Работа над военными картинами с помощью полученных из Болгарии этюдов понемногу продвигалась вперед. Одно уже законченное полотно Верещагин, поддавшись уговорам жившего в Париже академика живописи Боголюбова, решился отправить на показ цесаревичу в Петербург и оговорил его цену — семь тысяч рублей. Это было то самое полотно, на котором, по словам видевшего его Стасова, нет «ни одного живого существа». Оно получило название «Дорога военнопленных», поскольку изображало трупы пленных турецких солдат, скончавшихся на этом зимнем пути. Догадаться о содержании картины можно было лишь с помощью письменного комментария, которым Верещагин нередко снабжал свои полотна. В письме Стасову, посвящая его в планы относительно этой картины, Верещагин попросил критика, в случае если наследник почему-либо не пожелает ее приобрести, предложить ее для продажи Третьякову. Сам же художник отправился в Лондон — присмотреть подходящее помещение для своей будущей выставки.

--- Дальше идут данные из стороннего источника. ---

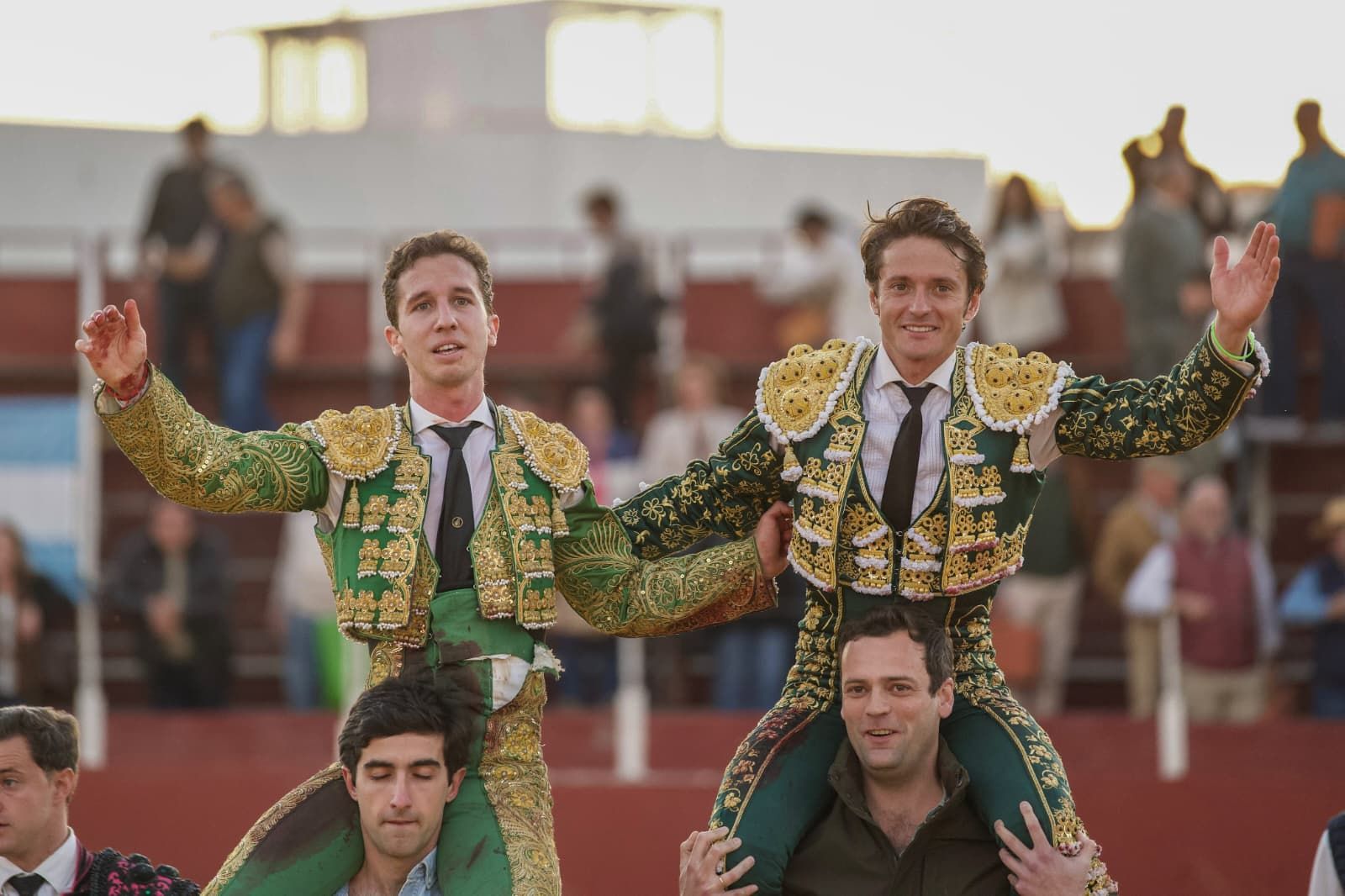 Lama y Calerito abandonaron la plaza portátil instalada en Sanlúcar la Mayor a hombros.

Английская столица подготовила ему сюрприз. От российского временного поверенного в делах М. Ф. Бартоломе Верещагин узнал, что при встрече с принцем Уэльским, на которой обсуждалась и предстоящая выставка, его высочество продержал его целых полтора часа в разговорах о Верещагине и его картинах. Дипломата даже «немного сконфузил такой избыток внимания». «Уэльский затем говорил Бартоломе, — извещал художник Стасова в письме из Лондона, — что он непременно желает, чтобы картины мои, относящиеся до Индии, остались в Англии». Василий Васильевич, кажется, был сильно возбужден перспективой продажи своей коллекции в Лондоне и, сообщая об этом по секрету Стасову, спрашивает его совета: как быть, если дело действительно повернется таким образом? «Как будто неловко, — писал он, — хотелось бы оставить их в России, хоть за меньшую цену». Он словно забыл, что собирался придать своей индийской серии обличающий Англию смысл. Оправдывая свои раздумья, он вспоминает отношение к его работам П. М. Третьякова и других русских ценителей его творчества: «Третьяков… которому этюды мои так понравились, ходил, ходил, нюхал, щупал, а ничего не говорит о том, что желает дать за них деньги… Другие все хотят утащить по картинке для пополнения своей модной мебели, что не подходит под мои намерения»[217].
Как оказалось, он не зря не слишком рассчитывал и на приобретение своих картин членами царской семьи: «О том, чтобы наше правительство заплатило что следует, не благодетельствуя мне и не раздирая рты зависти множества покупателей картин, кажется, нельзя надеяться». Художник делится со Стасовым опасением, что цена в семь тысяч рублей, назначенная им за отправленную на смотрины картину, будет найдена слишком высокой.
В скором времени художник был извещен, что его картину «Дорога военнопленных» цесаревич покупать не стал. Мотивы отказа наследника русского престола от приобретения этого полотна понять можно. Дело отнюдь не в цене, хотя она и была немалой. Видимо, сама идея картины, на которой нет ни одного русского солдата, а изображены лишь темнеющие на снегу трупы турецких пленных, замерзших во время зимнего марша под конвоем, казалась цесаревичу ложной. Какие чувства должно пробуждать это полотно — жалость к поверженному врагу? торжество возмездия? Всё это представлялось неубедительным, а значит, и само полотно малоинтересным. Судя по художественным вкусам Александра Александровича, проявленным, когда он взошел на российский престол, он ценил все-таки правдивые изображения живых людей, а не мертвых, пусть даже и врагов.
Узнав о решении цесаревича, Верещагин еще раз попросил Стасова показать полотно Третьякову, а заодно переговорить с коллекционером по поводу приобретения всей будущей серии картин о Русско-турецкой войне, но с оговоркой: «…если он согласится взять их на моих условиях». Василий Васильевич при этом будто забывал, что имеет дело не только с коллекционером, но и видным купцом, а купцы, в силу своей профессии, обладают соответствующей психологией, взращенной вековой практикой ведения торговых дел, и почти всегда стараются сбить заявленную продавцом цену.
Вскоре Верещагин получил письмо Стасова, в котором сообщалось, что Третьяков, пока не имевший возможности оценить незаконченную коллекцию военных картин, всё же готов приобрести ее, но не дороже чем за 75 тысяч рублей и с рассрочкой платежа на пять лет. При этом Павел Михайлович выразил надежду, что, завершая эту серию, художник проникнется «духом принесенной народной жертвы и блестящих подвигов русского солдата и некоторых отдельных личностей». Что же до увиденного Третьяковым полотна «Дорога военнопленных», то он отнесся к нему сдержанно, считая картину лишь «преддверием коллекции».